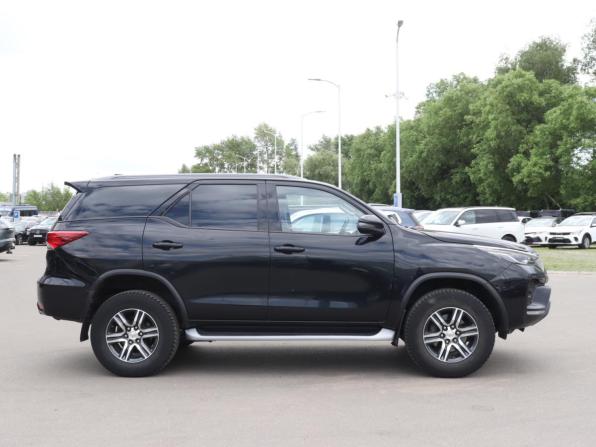 Toyota Fortuner II Рестайлинг с пробегом 2021 года, цена 3 773 300 рублей, 128468 км, внедорожник, Автокод Объявления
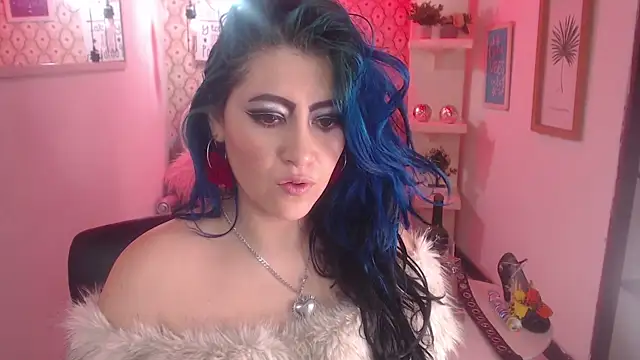 scarleth blue online show from September 13, 2025, 3:06 am
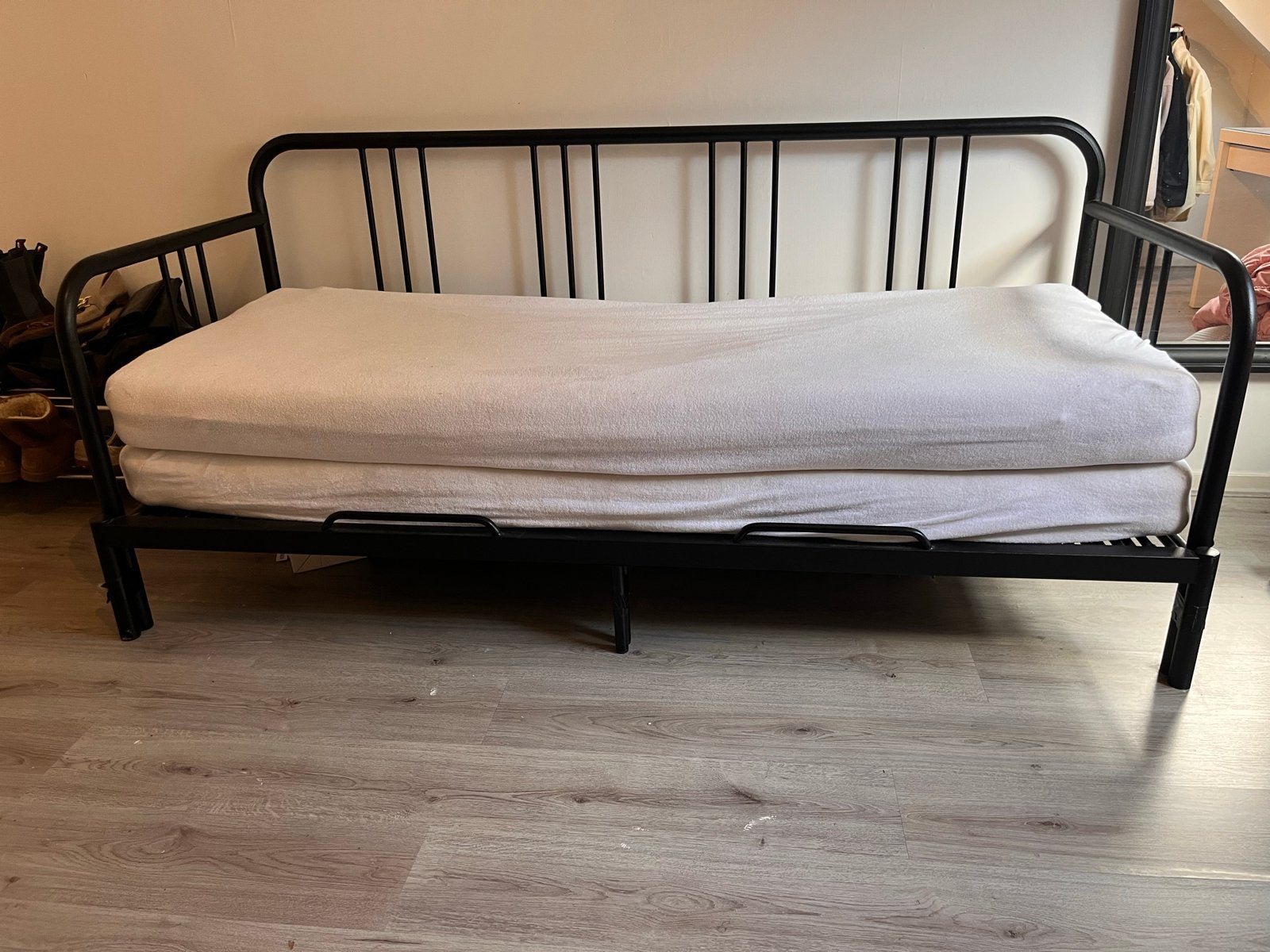 2-persoons bedbank uitschuifbaar met dekbedden
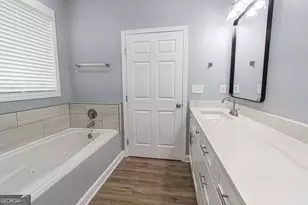 567 M L King Jr Dr, Jefferson, GA 30549 - Photo 16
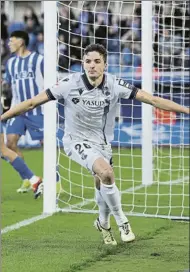  ?? FOTO: GETTY IMAGES ?? Jon Pacheco celebra su tanto al Alavés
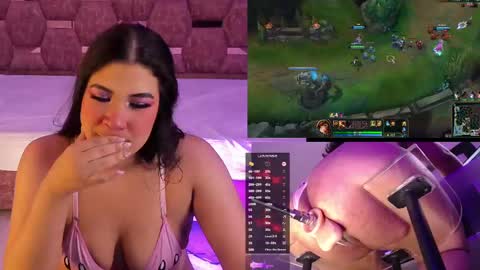 Snapshot of antonellavega__ chatting on October 8, 6:18 am Antonella online show from October 8, 6:18 am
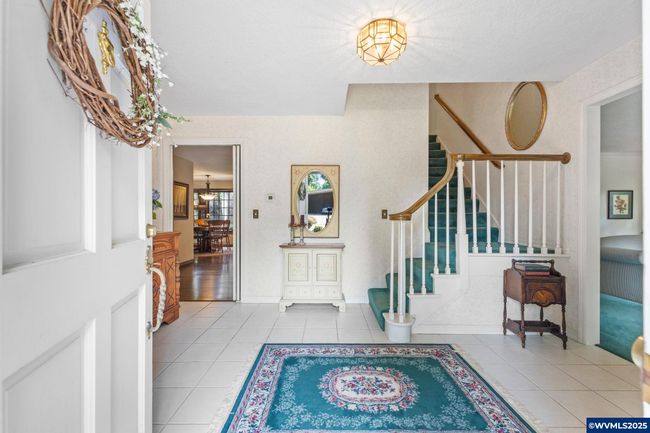 465 Mckinley St Se, House other with 5 bedrooms, 3 bathrooms and null parking in Salem OR | Image 4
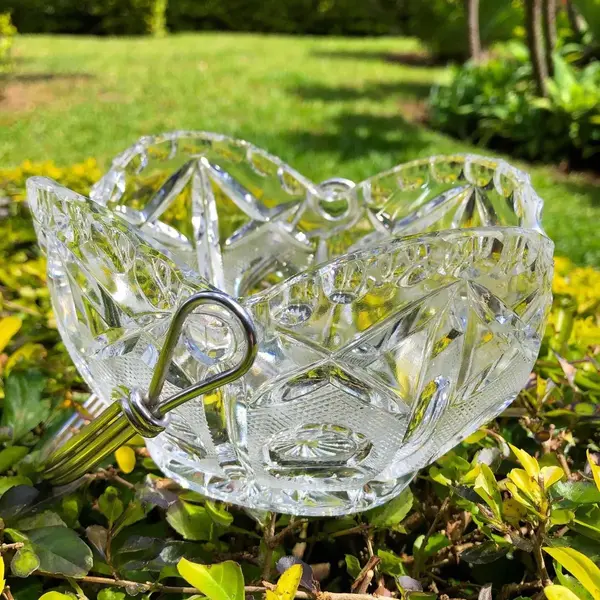 Foto de um(a) Antiga Linda Cesta Em Cristal Europeu Com Alça Em Prata, da categoria de Cestos e Caixas. Antiga e linda cesta em cristal europeu lapidado à mão, alça em metal espessurado à prata. Uma peça super decorativa e... Mostrado de uma perspectiva diferente. Vendido no marketplace Trésors.
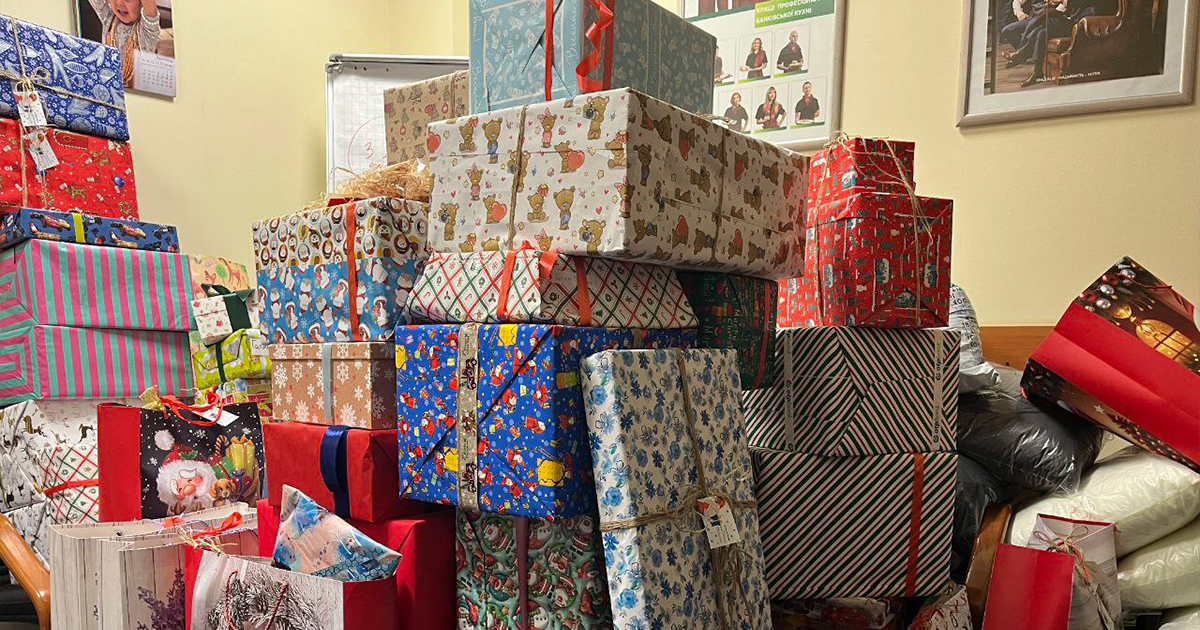 Gifts from OTP St. Nicholas: OTP BANK Employees Purchased Items for 104 Children with Intellectual and Physical Disabilities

The task
Where pictures appear, skip them and transcribe all other material word for word.

Task response
 Toyota Fortuner II Рестайлинг с пробегом 2021 года, цена 3 773 300 рублей, 128468 км, внедорожник, Автокод Объявления
 scarleth blue online show from September 13, 2025, 3:06 am
 2-persoons bedbank uitschuifbaar met dekbedden
 567 M L King Jr Dr, Jefferson, GA 30549 - Photo 16
  ?? FOTO: GETTY IMAGES ?? Jon Pacheco celebra su tanto al Alavés
 Snapshot of antonellavega__ chatting on October 8, 6:18 am Antonella online show from October 8, 6:18 am
 465 Mckinley St Se, House other with 5 bedrooms, 3 bathrooms and null parking in Salem OR | Image 4
 Foto de um(a) Antiga Linda Cesta Em Cristal Europeu Com Alça Em Prata, da categoria de Cestos e Caixas. Antiga e linda cesta em cristal europeu lapidado à mão, alça em metal espessurado à prata. Uma peça super decorativa e... Mostrado de uma perspectiva diferente. Vendido no marketplace Trésors.
 Gifts from OTP St. Nicholas: OTP BANK Employees Purchased Items for 104 Children with Intellectual and Physical Disabilities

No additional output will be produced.